A little after Dr. Oppenheim stopped coming, driven away, I suspected, by the chill winds of November, we tried to put dinner and a movie together, under the guise of a dinner/movie special. You could clip our ad from the local paper and, for $4.95 including admission, you could choose from a pre-fix menu at a struggling local restaurant just opened down the street. The menu included a credible burger, greasy fries and other items, some less disappointing than others. Our partnership was brief — Chubby went out of business after Thanksgiving. Anyhow what were we thinking? Every burger somebody bought from him was a hot dog we wouldn’t sell at our high per-capita stand.
What drove me to these recollections? Last night, Dean and I went out to Alamo Draft House in Brooklyn for dinner and a movie. I’ve been holding off going to dinner and a movie as combined events, though NYC is crawling with opportunities (Metrograph, Nitehawk).
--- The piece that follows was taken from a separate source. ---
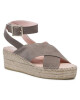 Manebi Еспадрили Wedges W Belt W 1.9 Wb Vintage Taupe 1 - Mera.bg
Even though, forty-plus years ago, with our high-end concession stand, we more or less pioneered the concept of dinner and a movie under one roof at the St. George, I’m not used to major comestibles (a burger in my case) including wine, while sitting in a recliner watching the movie screen. Feels a little too much like home.
It was a good burger and an excellent movie (don’t miss it, RBG, about the venerable Supreme Court justice Ruth Bader Ginsburg), but my mind strayed momentarily to maintenance. If Coke syrup and popcorn are hard to clean up after, what’s it like to keep a dinner movie theater clean?
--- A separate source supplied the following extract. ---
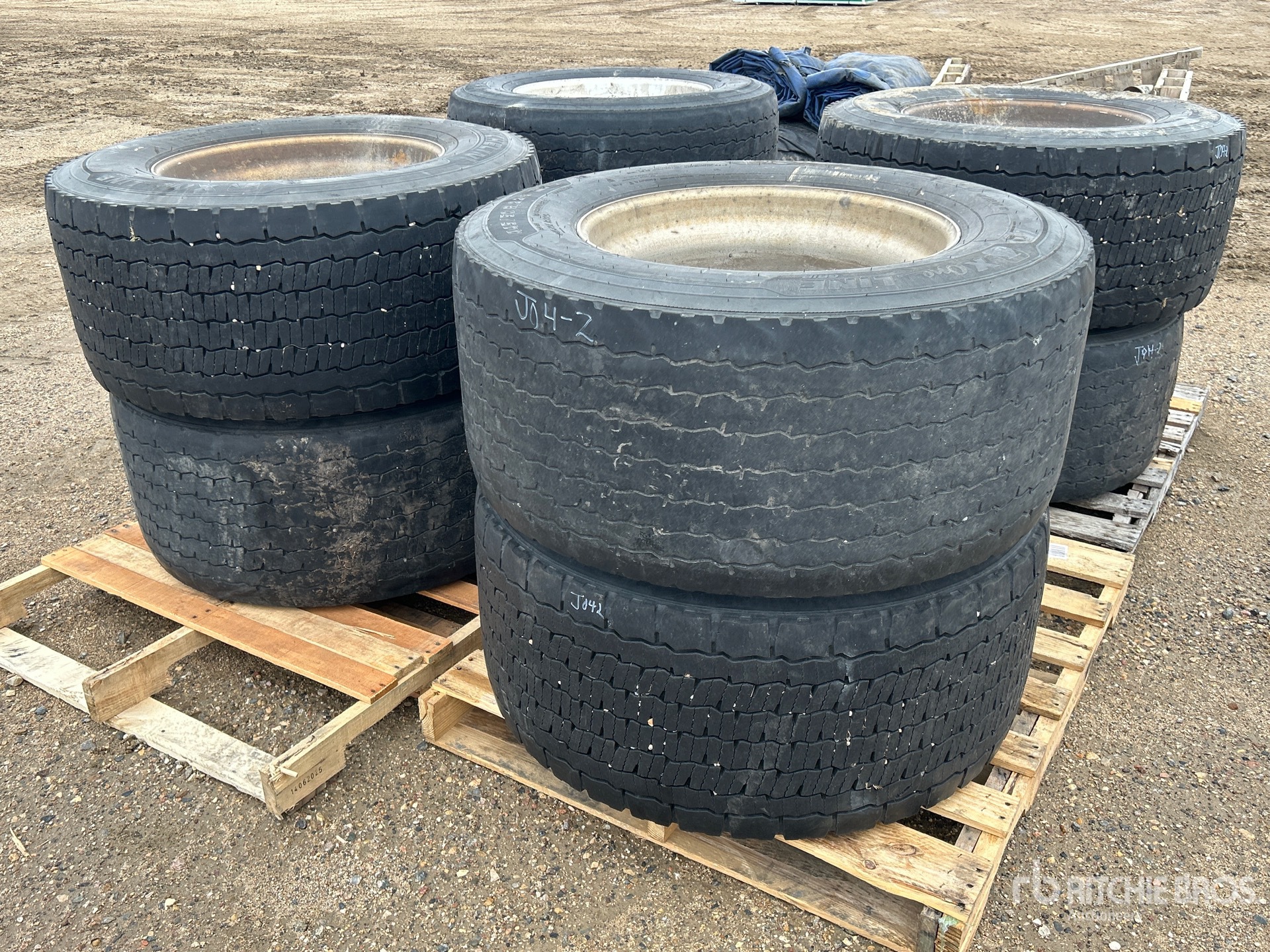 General Appearance with Image, coin arrière droit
The recliner made me reflect that Dr. Oppenheim might have been lured into the dark after all, to watch a Bruce Lee double feature, if we could have offered her what in those days would have been a Barcalounger, to kick back in. Imagine them all: the good doctor lounging with her hot dog, the jazzman propped up beside her in his spangled suit, and the lady from the street, if she could only have afforded the price of a ticket and dinner.
Meanwhile, I think I agree with Charles Cohen, the owner of the newly-refurbished Quad Cinema in Manhattan. “We considered dine-in for about a minute, but to me, a first class moviegoing experience is not one where the person next to you is eating a steak,” he reflected. Gotcha.
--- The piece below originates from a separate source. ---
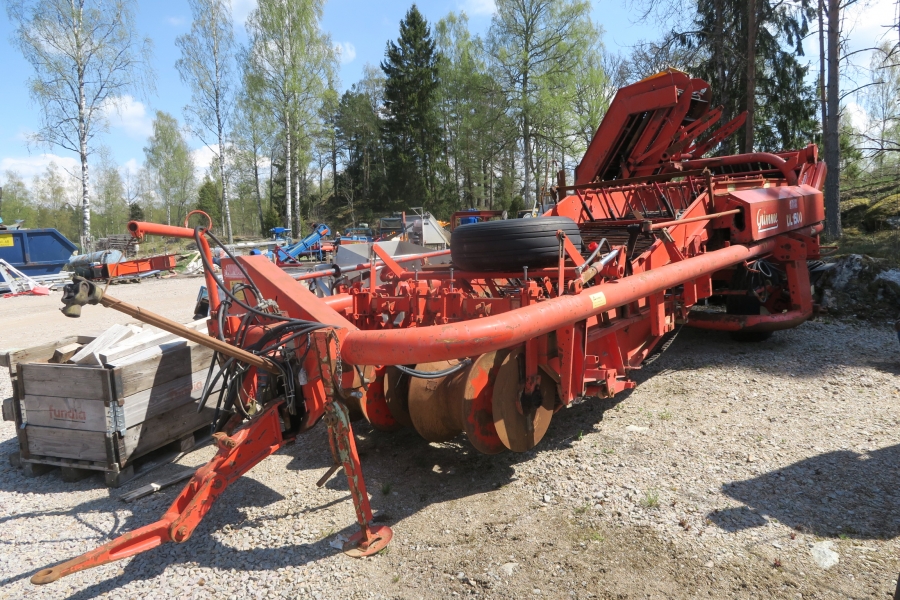 3963 Grimme DL 1500 Kartoffelroder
Afterthought: Returning to the subject of Ruth Bader Ginsburg, her tastes, at least for opera, remind me a lot of Dr. Oppenheim’s, who was Ginsburg’s age almost a half a century ago. Wonder if (the notorious) RBG likes hotdogs?
Afterthought 2: One of the cleverest front lobby marketing strategies I’ve seen in a long while is a Ruth Bader Ginsburg cardboard prop-up of a long black gown with lace collar at the top. Behind it is a step on which an admirer of the Justice can stand, placing her/his head in the slot above the collar for a photo-op.